Every year, Gauteng and the Western Cape are expected to find school placements for late arrivals from neighbouring provinces and countries. A proposed amendment in the Basic Education Law Bill may authorise placements with minimal consultation and devastating consequences.

Apartheid education policies deliberately under-resourced schools in African, coloured and Indian communities. White schools were allocated almost five times more funding than schools for other races – establishing a disparity in education that we are still trying to rectify. It was therefore important, post-apartheid, to ensure that education policy was geared towards socioeconomic transformation.

In 1996, the South African Schools Act gave parents, teachers and high school students the right to form school governing bodies (SGBs). SGBs were introduced in order to increase participatory democracy within communities, ensuring that the people of South Africa were able to have a voice in determining their basic right to education.

As with all policy, the adoption of SGBs has had consequences – both positive and negative.

One major positive outcome has been the involvement and empowerment of parents, learners and communities in education. In resource-rich communities, the additional governance capacity has led to high performing schools and simultaneously reduced the burden on the state, theoretically providing additional capacity that allows education departments to focus on historically disadvantaged communities.

In some cases, the SGB model has had negative consequences. In resource-poor communities, through no fault of their own, elected members of the community often lack the requisite skills to govern a school effectively. These schools are sometimes poorly run. The power to make recommendations regarding educator and leadership appointments has presented challenges, too.

Given the sheer volume of appointments made annually, it is very difficult for education departments to rigorously monitor the process SGBs follow, and to interrogate the candidates put forward for the roles. We have a system where people deprived of an education are often responsible for the appointment of educators – the net result being a huge variation in quality.

In extreme cases, governing bodies have been guilty of nepotism and corruption – selling teaching and leadership posts to educators in collaboration with unions. For the past three decades capacity constraints and corruption have consistently undermined school management and the quality of education in resource-poor schools.

Conversely, Section 21 and former “Model C” schools have benefited from the SGB model in a manner that has continued to segregate our society and exacerbate the divide in access to quality education. With the power to define key policies such as fees, admissions and languages, former model C schools have in effect been able to control their intake, and ensure they continue to grant access to families of privilege – often at the exclusion of those who have been historically disadvantaged.
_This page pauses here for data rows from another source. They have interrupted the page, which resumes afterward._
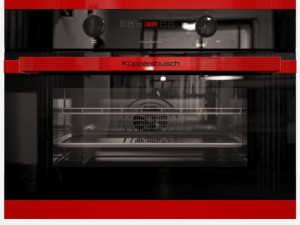 kuppersbusch eeb 6260 jxr compact oven Modelo 3D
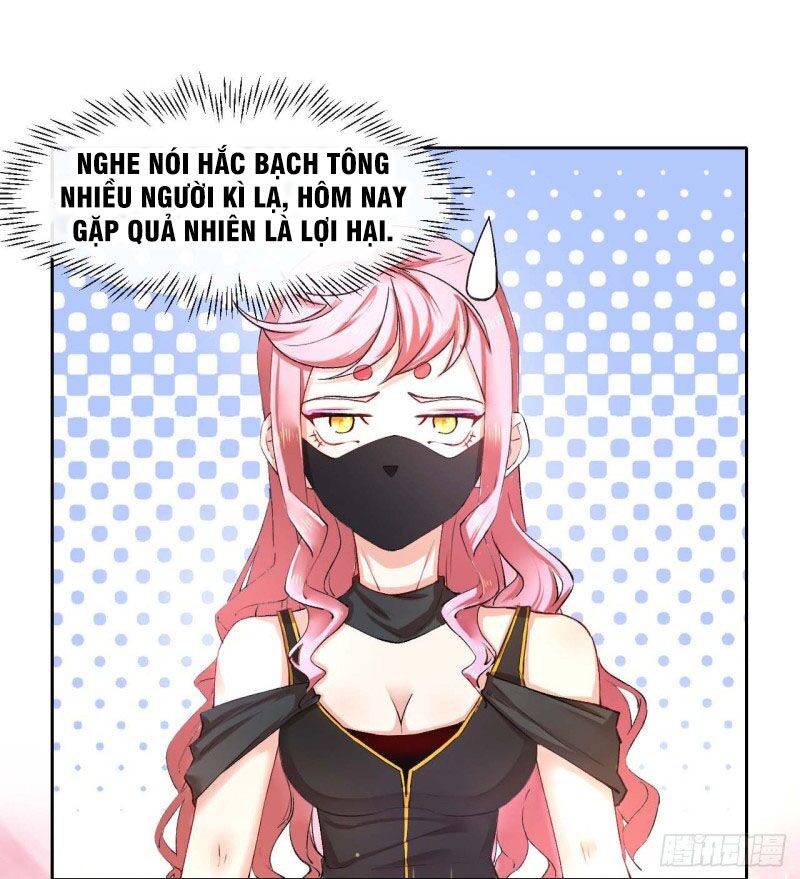 Sư Tỷ Của Ta Rất Cứng Chap 88 - Next Chap 89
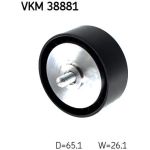 Multi-V-Spannrolle VKM 38881 Multi-V-Spannrolle VKM 38881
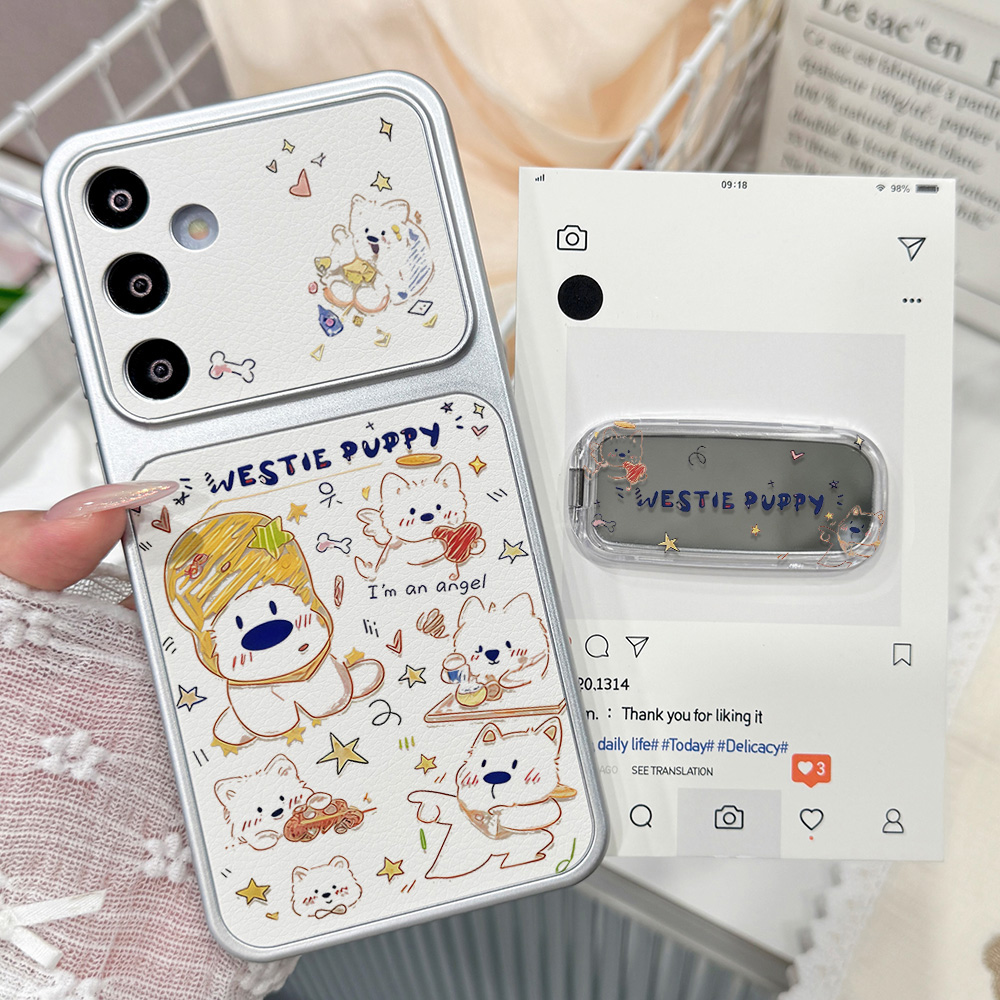 Custodia per telefono con simp - Phone Cases With Stand recensione e prezzo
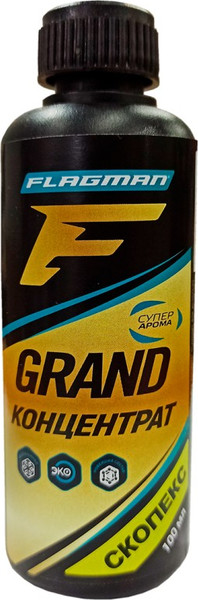 Ароматизатор рыболовный Flagman Fishing Концентрат Grand PRFV042 - фото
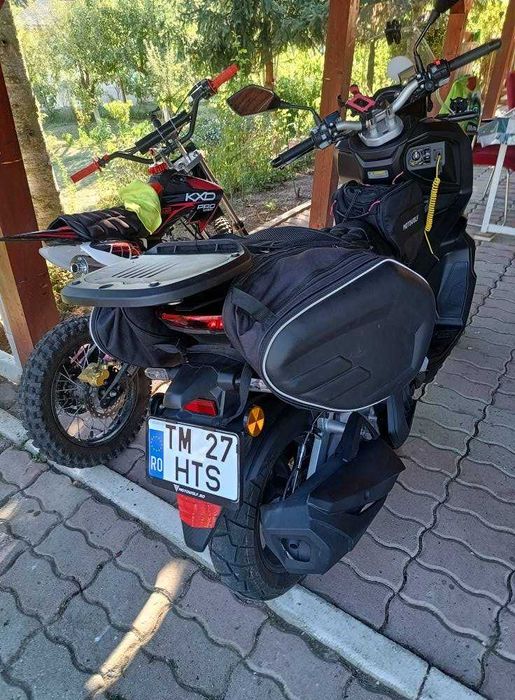 Scuter Linhai Adv
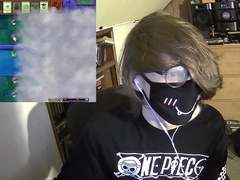 Femboy Gaming: Plants vs Zombies #14 Depression and OCD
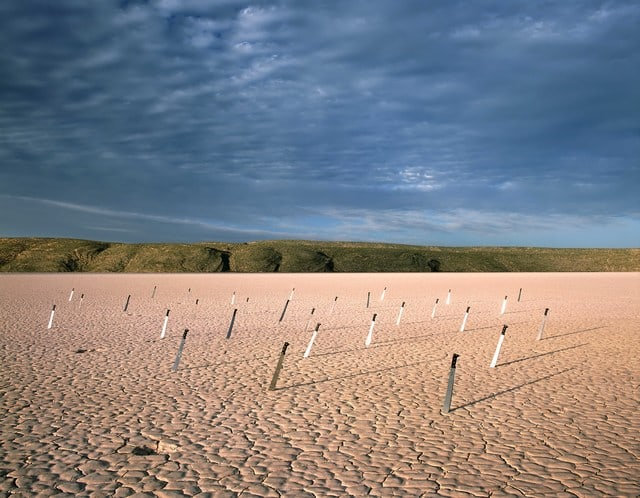 Cuchillos para que deje de Llover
In October 2017, a draft Basic Education Law Amendment Bill was published for public comment. This bill proposes nearly 40 amendments to the South African Schools Act as well as a handful of changes to the Employment of Educators Act of 1998. This bill represents a unique opportunity to address some of the challenges we face with our school governance model. 
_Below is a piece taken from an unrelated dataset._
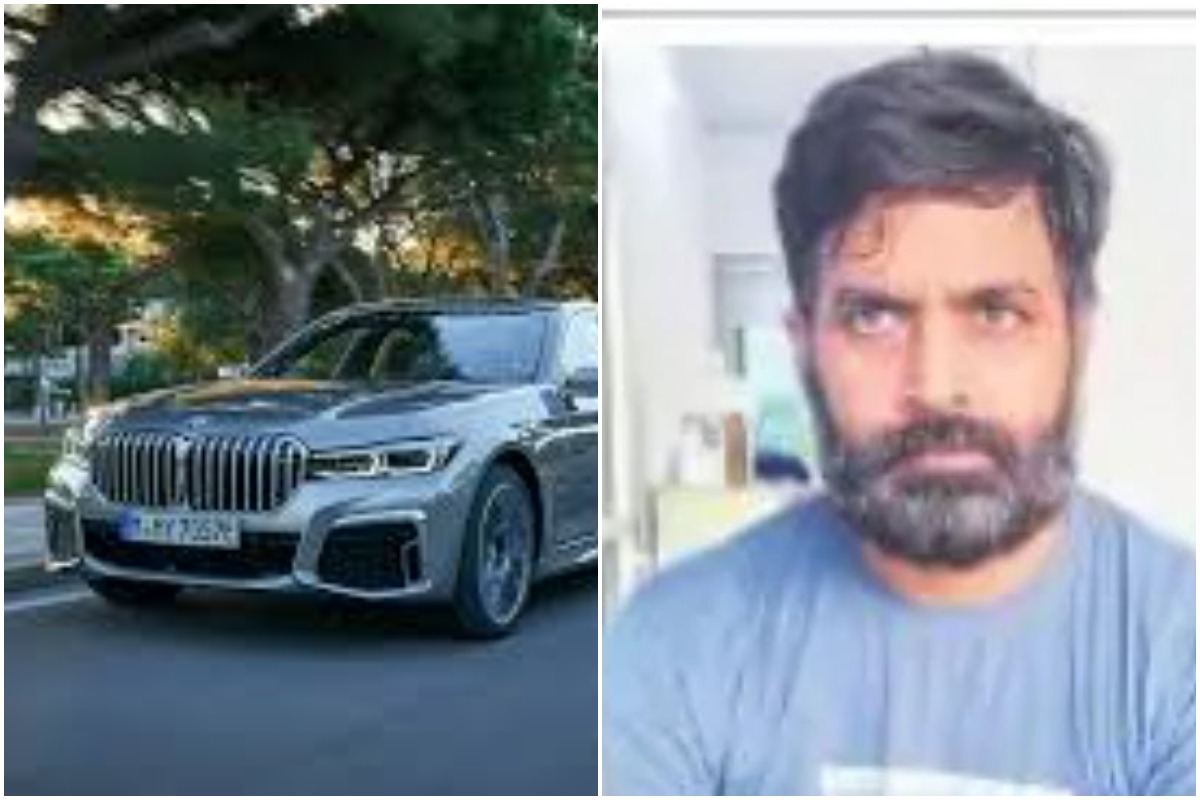 Luxury Cars Thief: లగ్జరీకారు కనిపిస్తే ఖేల్ ఖతం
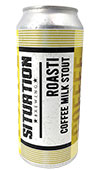 Situation Roasti Coffee Milk Stout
Overarchingly, the bill seeks to enhance the powers of regulation and oversight granted to the minister, members of the executive council and heads of departments (HODs) with regard to SGBs. This is a welcome change – a move towards increased oversight and accountability to mitigate the frequent incidences of nepotism, corruption, discrimination, underperformance, and the shortage of skills.
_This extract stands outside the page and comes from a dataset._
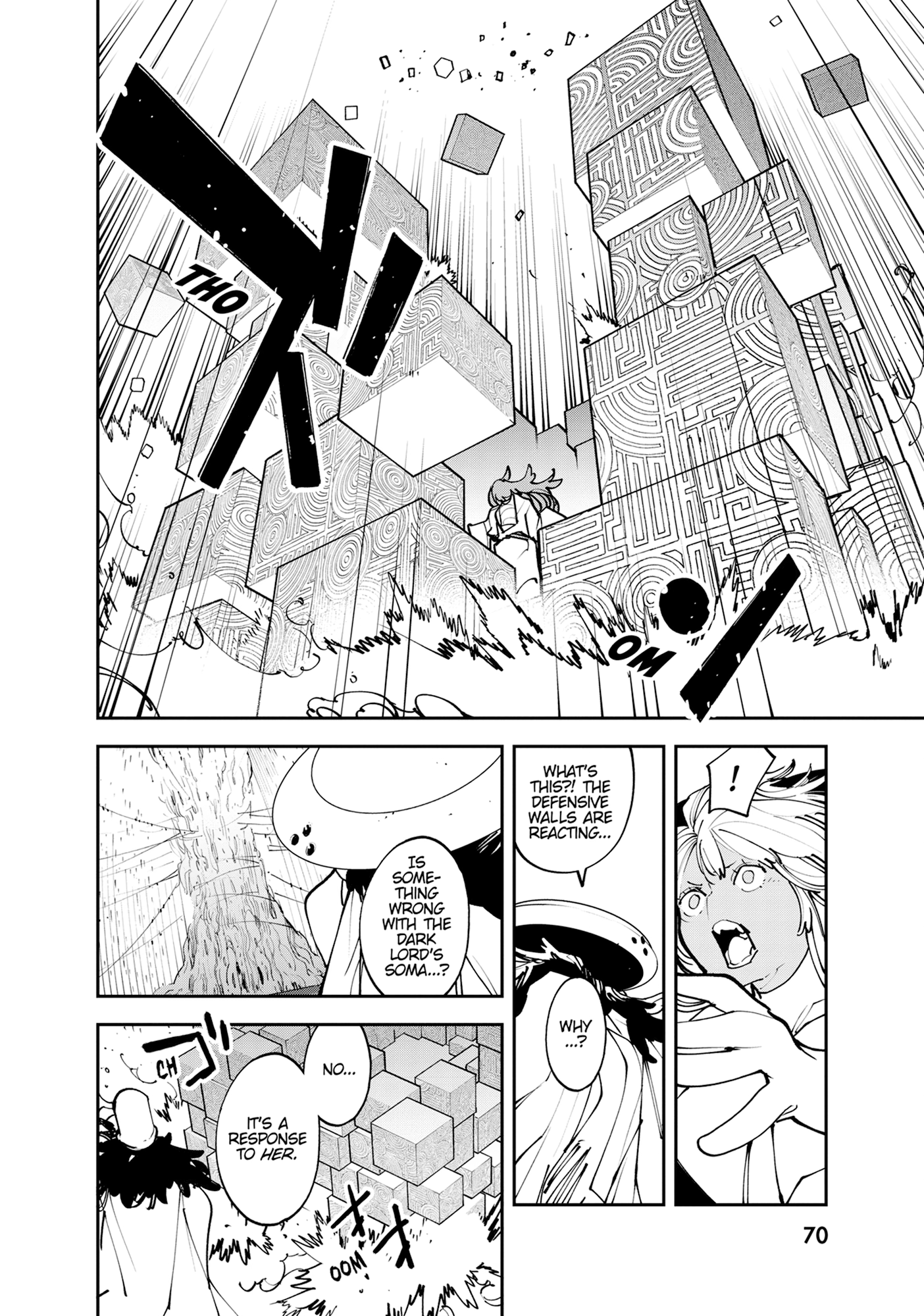 Yakuza Reincarnation Chapter 54 - Page 24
Increased reporting and transparency, as well as the power to dissolve underperforming or corrupt SGBs are strong proposed accountability mechanisms.

Specifically, the bill proposes that the HOD has greater authority in relation to the admission of learners to public schools, greater oversight of admission and language policies, and the power to direct a public school to adopt more than one language of instruction (provided the HOD then supplies the necessary resources to enable adequate tuition).

Everyone in education should be working to ensure access for all, and our society demands equitable approaches that prioritise access and learning for disadvantaged groups.

But there are issues with the enhanced powers being proposed. Granting HODs greater authority in relation to the admission of learners in public schools may not only currently be deemed unconstitutional, but appears to be a direct response to the annual challenge of insufficient school spaces – where every year, Gauteng and the Western Cape are inundated with late arrivals from neighbouring provinces and countries and expected to find school placements for them.

This amendment may allow HODs to authorise placements of learners in schools with minimal consultation and devastating consequences.

In my view, the bill takes a fairly binary approach to solving the governance challenges education faces – either power resides with the parents, or the department. Simply transferring the role of governance from SGBs to HODs presents a substantial challenge – it places additional responsibility on an already overwhelmed and under-resourced system. This is likely to result in further bureaucracy and bottlenecks.

I’d like to propose that we consider a third way – increasing capacity and distributing power through innovative partnerships between the state, the public, civil society and the private sector – with a focus on historically disadvantaged and oppressed communities.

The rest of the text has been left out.